Here are some videos I put together. The Go Pro camera is a fun toy to have with lots of potential for almost anything you can think of. 

The video below is the first one I shoot, uncut straight out of the camera. Audio is limited due to the water proof casing, but listen closely and you'll hear some interesting stuff. 





 

The second one is edited with a tune background,was a full moon night and there you can see some editing done with youtube editing tools. First two videos are done with GoPro cams. 





 

The third video is footage from my cell phone. Floundering the Amazon River is been a lotta fun.
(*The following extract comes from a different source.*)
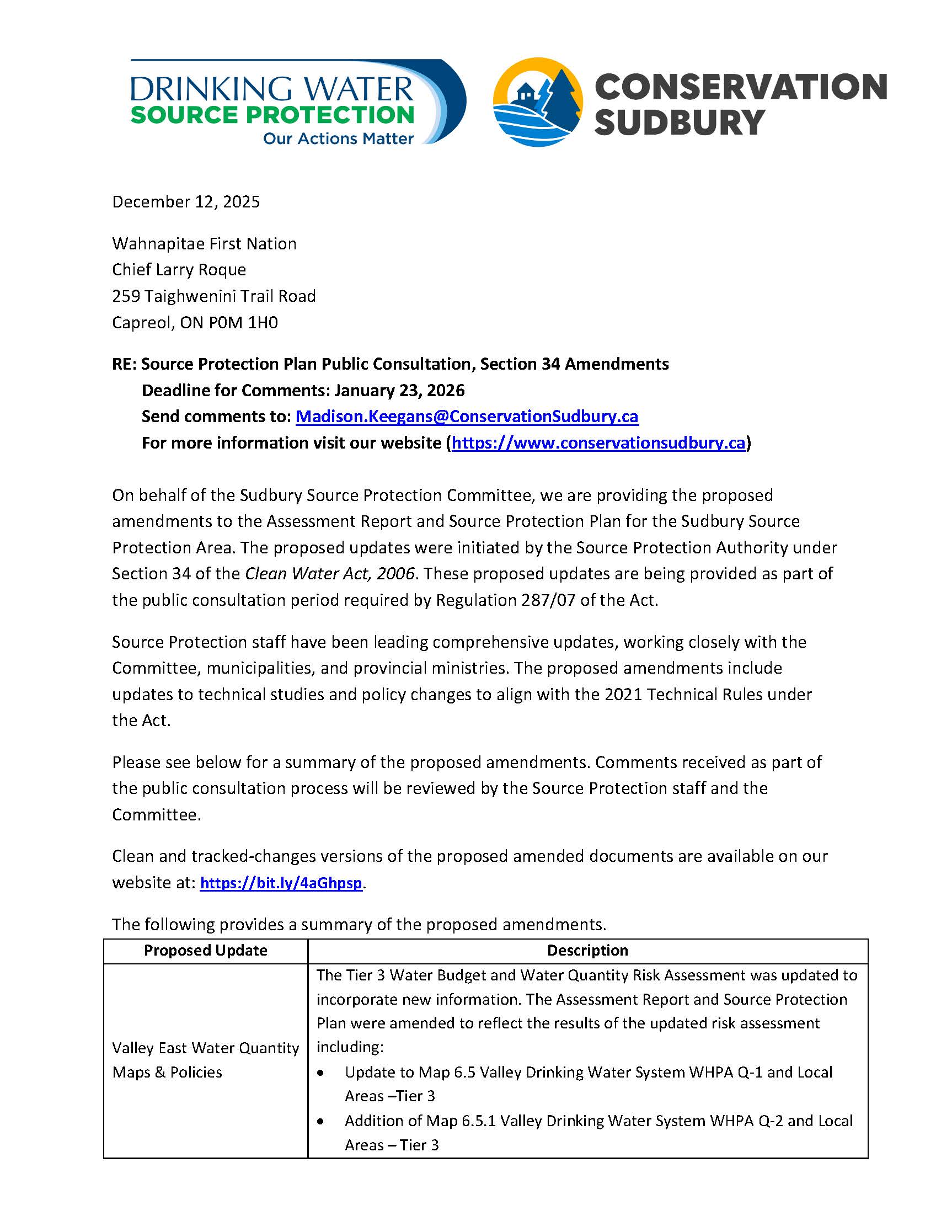 Public Consultation Notice WahnapitaeFirstNation 1 Page 1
This was edited with Imovie and yeah we wade all the way down one night to the Amazon from Navarre...:whistling: 

Here is the Story line:

Brazil news, June 2011

At the mouth of the Amazon river, world renown flounder giggers Mike4sight and Fishermon both from Navarre, Florida were in search of Tarzan's favorite fish when attacked by a wild Jaguar. The crew of two were using the one and only soon to be famous Banjovies Series III Nightstick for an HBO documentary sponsored by Choppedliver, master flounder gig fabricator. Mike4sight and Fishermon, members of the gulfcoastfishingconnection.com and the pensacolafishingforum.com survived miraculously the attack by blinding the big cat with the series III lights. "It was amazing scary, even the monkeys and elephants try to warn us" Mike4sight recalls, looking into deep space. 
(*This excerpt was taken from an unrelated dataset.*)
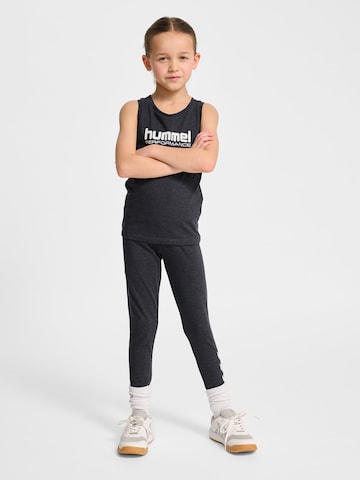 Haut de sport Hummel en noir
Wade gigging for flounder is a growing sport among many fisherman around the world. More information about the sport, tournaments and more can be found at the fishing forum cited above.







 


Keep an eye for more _Flounder GoPro videos by Fishermon_ to come in a near future. Thanks for watching :thumbsup:


----------



## Fishermon (Oct 19, 2007)

Navarre Beach 10/2011


----------



## Flounder Hounder (Nov 9, 2008)

Great video! Thanks


----------



## Night Wing (May 16, 2011)

It's amazing how fast they can bury themselves to hide and wait in ambush mode for their food prey.


----------



## Fishermon (Oct 19, 2007)

I really enjoy making these vids as much as i like the sport in general. And for those that have not seen it, here is a movie trailer i put together a while back.


----------



## Fishermon (Oct 19, 2007)

*floundering vid*


----------



## Fishermon (Oct 19, 2007)

*THE SOUND (flounder vid)*

another flounder vid...11/2011

THE SOUND.


----------



## ycanti (Jul 13, 2011)

Are the lights your using available to the public?


----------



## Fishermon (Oct 19, 2007)

The Banjovies series III NIghtsticks.....

I know the Navarre tackle shop Broxson Outdoors had them for sale a while back. If they don't, try Sealark (pff forum member) I think he is making them (not same) but heard good things about his as well. Good luck.


----------



## devinsdad (Mar 31, 2010)

Great videos! I havent been floundering since I was a kid growing up on the Texas Coast. Brings back great memories of trailing behind dad watching him stick some flatties!
Dont know why I havent gone since moving here! 28 years ago!


----------